Creeps like that belong in... um... Missouri?
• The board did not allow its recording secretary to attend a closed session with the governor regarding Dumond, nor was the session taped, a departure from custom.
• Board chair Brownlee <2005 note: Brownless has since been reappointed to the Board by Huckabee> personally interviewed Dumond in prison and set in motion the reconsideration of the board’s August 1996 vote to refuse Dumond parole. Normally, inmates must wait a year after a decision for a new hearing. Thanks to Brownlee’s efforts, Dumond was granted a new parole hearing Jan. 16, 1997, just six weeks after his request for reconsideration. This time, the board voted to parole. Brownlee later was reappointed to the board by Huckabee.
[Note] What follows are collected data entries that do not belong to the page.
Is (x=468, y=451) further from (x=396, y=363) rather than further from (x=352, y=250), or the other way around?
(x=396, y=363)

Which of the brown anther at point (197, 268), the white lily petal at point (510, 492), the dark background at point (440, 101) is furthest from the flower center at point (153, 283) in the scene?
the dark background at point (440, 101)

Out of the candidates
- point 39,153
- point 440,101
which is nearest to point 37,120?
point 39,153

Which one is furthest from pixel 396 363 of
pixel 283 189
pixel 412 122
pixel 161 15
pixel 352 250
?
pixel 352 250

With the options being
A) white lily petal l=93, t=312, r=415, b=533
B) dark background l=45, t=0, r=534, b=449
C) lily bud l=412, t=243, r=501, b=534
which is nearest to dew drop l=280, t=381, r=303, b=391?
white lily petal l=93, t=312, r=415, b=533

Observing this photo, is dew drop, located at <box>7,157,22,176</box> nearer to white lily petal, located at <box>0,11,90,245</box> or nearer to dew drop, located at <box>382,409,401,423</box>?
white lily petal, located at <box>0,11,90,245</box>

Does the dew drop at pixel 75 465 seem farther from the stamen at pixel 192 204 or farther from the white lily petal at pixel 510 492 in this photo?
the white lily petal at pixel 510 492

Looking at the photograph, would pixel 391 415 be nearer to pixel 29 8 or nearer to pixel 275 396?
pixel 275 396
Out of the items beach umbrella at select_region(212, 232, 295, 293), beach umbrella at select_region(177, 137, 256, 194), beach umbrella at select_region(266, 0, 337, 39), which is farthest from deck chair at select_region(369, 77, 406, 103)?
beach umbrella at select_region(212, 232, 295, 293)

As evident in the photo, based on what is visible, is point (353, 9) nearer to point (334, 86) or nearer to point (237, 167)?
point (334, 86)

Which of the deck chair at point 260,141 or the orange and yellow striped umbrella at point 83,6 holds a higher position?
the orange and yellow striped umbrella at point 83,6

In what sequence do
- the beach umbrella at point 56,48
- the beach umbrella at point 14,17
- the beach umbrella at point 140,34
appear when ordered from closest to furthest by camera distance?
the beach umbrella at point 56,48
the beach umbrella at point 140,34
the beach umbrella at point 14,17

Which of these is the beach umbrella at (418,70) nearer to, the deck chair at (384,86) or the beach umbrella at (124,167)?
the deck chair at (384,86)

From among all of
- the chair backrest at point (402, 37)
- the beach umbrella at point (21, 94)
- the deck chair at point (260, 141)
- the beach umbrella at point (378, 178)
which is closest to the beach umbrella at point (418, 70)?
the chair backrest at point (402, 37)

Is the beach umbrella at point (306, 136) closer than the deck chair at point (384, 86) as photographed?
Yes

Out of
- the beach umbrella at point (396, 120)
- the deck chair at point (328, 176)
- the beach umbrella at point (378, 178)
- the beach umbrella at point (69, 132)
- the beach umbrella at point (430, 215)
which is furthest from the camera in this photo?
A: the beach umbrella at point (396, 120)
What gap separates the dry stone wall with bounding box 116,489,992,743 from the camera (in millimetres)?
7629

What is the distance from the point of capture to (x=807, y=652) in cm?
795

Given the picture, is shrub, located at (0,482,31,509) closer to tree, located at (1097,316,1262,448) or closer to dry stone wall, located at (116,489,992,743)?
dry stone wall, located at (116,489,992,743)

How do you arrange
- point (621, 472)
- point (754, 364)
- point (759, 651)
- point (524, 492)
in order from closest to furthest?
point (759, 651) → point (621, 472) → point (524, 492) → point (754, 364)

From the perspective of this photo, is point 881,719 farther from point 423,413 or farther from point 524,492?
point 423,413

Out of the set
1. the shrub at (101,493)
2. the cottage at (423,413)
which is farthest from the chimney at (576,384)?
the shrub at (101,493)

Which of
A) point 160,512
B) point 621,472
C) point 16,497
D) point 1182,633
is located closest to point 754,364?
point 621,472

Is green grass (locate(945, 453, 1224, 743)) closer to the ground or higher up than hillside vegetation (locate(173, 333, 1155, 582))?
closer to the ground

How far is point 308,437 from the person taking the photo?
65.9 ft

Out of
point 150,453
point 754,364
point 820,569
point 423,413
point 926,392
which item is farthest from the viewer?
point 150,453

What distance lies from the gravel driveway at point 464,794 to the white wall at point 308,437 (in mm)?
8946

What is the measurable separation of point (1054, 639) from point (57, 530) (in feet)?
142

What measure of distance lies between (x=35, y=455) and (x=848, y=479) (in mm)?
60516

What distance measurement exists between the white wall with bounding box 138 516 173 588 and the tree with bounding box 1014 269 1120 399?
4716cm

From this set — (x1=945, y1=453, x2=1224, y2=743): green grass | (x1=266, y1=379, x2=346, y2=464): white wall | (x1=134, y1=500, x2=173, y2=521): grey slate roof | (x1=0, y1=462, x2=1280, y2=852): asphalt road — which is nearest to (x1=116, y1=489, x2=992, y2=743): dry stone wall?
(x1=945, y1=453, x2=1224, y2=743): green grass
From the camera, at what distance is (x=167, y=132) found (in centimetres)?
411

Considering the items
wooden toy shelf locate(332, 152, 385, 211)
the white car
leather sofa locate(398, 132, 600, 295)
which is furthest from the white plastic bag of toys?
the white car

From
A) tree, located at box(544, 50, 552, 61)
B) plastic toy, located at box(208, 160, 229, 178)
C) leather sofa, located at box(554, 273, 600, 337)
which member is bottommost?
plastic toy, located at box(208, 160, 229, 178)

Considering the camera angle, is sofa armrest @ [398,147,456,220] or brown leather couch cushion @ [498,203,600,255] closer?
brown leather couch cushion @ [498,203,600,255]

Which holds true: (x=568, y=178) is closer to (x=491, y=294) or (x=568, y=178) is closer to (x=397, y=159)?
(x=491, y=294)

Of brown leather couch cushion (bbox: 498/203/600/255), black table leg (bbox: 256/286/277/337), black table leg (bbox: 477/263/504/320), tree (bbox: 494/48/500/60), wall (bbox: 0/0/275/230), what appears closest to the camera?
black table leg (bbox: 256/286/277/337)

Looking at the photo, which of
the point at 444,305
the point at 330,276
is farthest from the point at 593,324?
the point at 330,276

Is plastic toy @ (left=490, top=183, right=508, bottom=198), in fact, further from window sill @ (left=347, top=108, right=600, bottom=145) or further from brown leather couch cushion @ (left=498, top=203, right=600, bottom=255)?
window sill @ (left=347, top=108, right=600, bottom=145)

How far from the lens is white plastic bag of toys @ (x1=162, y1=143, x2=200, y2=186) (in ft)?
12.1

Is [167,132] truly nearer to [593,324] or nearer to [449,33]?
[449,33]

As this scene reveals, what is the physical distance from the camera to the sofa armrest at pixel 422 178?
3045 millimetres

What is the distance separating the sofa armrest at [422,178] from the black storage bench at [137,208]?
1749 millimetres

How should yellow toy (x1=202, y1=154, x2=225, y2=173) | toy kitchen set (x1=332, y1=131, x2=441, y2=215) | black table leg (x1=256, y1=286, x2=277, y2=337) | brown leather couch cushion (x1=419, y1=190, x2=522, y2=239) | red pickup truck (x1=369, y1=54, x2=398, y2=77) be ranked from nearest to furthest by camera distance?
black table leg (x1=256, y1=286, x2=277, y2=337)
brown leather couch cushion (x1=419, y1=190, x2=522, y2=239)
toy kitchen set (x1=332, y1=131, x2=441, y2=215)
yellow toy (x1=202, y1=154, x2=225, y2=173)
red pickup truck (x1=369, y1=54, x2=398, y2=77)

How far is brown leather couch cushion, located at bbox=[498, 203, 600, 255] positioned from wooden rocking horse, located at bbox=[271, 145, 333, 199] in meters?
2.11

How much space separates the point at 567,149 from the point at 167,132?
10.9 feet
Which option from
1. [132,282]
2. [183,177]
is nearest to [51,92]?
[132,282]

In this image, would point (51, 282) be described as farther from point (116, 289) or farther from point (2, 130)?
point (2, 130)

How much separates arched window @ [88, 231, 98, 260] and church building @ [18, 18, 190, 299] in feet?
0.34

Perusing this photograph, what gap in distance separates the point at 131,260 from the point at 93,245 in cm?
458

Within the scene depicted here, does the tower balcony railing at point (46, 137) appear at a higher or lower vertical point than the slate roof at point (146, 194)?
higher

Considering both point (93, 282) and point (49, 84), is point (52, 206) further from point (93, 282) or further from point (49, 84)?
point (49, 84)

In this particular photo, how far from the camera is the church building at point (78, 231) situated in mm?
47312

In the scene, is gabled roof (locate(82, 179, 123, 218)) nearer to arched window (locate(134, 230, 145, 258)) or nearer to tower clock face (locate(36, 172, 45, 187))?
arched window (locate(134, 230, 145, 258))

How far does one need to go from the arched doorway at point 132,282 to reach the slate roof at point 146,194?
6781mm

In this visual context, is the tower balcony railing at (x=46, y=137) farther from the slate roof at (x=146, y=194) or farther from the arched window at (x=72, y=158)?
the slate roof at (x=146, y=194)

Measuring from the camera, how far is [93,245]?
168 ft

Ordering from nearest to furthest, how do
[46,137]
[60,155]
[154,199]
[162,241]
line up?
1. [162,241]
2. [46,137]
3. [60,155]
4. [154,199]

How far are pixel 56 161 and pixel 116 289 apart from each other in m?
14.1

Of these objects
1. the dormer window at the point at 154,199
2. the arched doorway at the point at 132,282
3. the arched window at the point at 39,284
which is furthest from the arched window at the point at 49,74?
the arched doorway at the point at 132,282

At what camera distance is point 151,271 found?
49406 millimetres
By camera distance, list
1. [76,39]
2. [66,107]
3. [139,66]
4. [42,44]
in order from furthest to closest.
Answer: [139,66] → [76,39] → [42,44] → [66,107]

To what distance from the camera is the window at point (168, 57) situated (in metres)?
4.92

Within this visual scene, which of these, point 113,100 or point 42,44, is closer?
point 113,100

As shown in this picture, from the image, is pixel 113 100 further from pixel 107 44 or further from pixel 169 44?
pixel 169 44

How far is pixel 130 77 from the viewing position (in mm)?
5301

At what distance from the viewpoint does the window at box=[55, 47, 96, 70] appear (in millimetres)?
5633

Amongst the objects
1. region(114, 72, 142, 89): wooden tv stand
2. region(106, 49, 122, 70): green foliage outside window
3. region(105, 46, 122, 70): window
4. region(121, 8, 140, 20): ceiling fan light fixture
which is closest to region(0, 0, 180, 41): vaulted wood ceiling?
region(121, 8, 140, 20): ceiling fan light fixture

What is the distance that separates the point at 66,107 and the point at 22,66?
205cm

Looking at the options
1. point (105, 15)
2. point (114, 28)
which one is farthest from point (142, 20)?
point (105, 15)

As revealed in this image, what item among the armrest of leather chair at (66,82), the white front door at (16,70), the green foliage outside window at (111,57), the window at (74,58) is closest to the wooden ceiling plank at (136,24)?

• Dumond was transferred to the Tucker unit in December 1996, after his request for rehearing. Had he stayed at Varner, he could not have been scheduled for a new hearing before Jan. 20, 1997, Huckabee’s deadline to act on his announcement that he was considering commuting Dumond’s sentence. His transfer — which the Department of Corrections has explained in conflicting ways — allowed him to get on the Tucker hearing schedule, which let the board parole Dumond before Huckabee’s deadline — and thus take the heat for his release.
When the board paroled Dumond in January 1997, he had been in prison since 1985 for the rape of Ashley Stevens, a Forrest City high school student.
The board made Dumond’s parole conditional upon his moving out of state, but initially authorities in Florida, Texas, and other states declined to allow him to move there. Dumond was finally released in October 1999, when he moved to DeWitt to live with his stepmother.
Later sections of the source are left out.